Rappelant que cela doit rester « un moment d’échanges », M. Tiao promet aux étudiants de rencontrer les représentants des syndicats au cours de l’après-midi. Il a également rappelé que le nombre d’étudiants ayant réussi aux examens a considérablement évolué au cours des deux dernières années. Déplorant le retard pris dans les travaux en cours, il a néanmoins reconfirmé la volonté du gouvernement à ne pas faillir à sa volonté d’améliorer l’enseignement secondaire.

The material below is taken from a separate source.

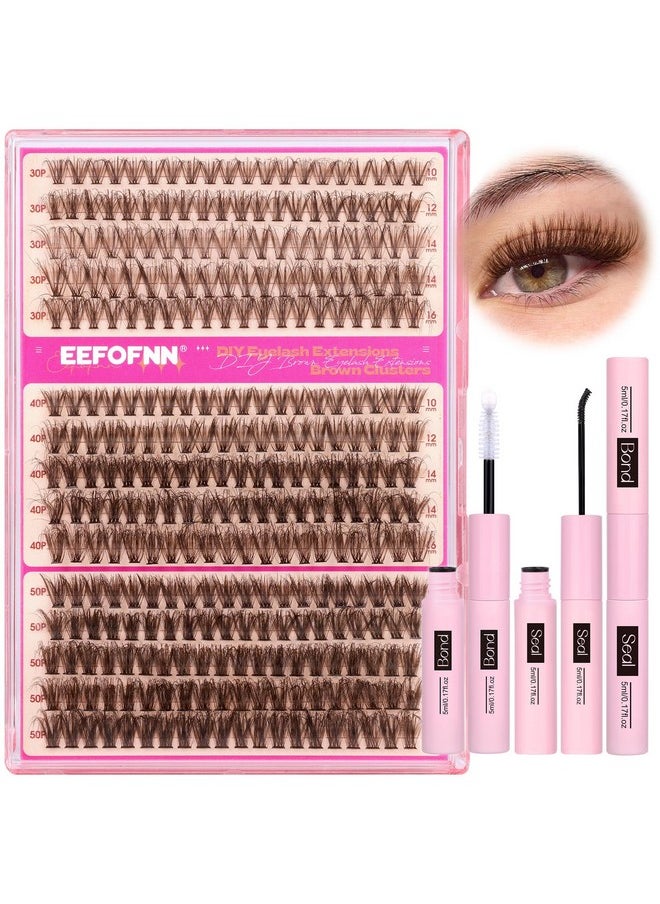 Eefofnn Brown Eyelash Clusters Kit 300 Pcs Natural Lash Clusters Kit 30P+40P+50P Brown Cluster Eyelash Extensions Kit Wispy Individual Lashes Bond and Seal Glue Fluffy Lashes Extension Kit DIY at Home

En raison des manifestations, la rencontre entre les étudiants et M. Tiao s’est vue écourtée. A la sortie du campus, la voiture du Premier Ministre essuiera de nouveaux jets de pierres. Quant à nous, journalistes, nous serons une fois de plus empêchés de faire notre travail par certains manifestants qui, de manière agressive, nous interdiront de filmer et de prendre des photos. Sur l’avenue Charles de Gaulle, les pneus commencent à brûler. Le vrai « brasier » se trouve pourtant en face, à l’université. Malheureusement, le « pompier Tiao » n’aura pas su l’éteindre.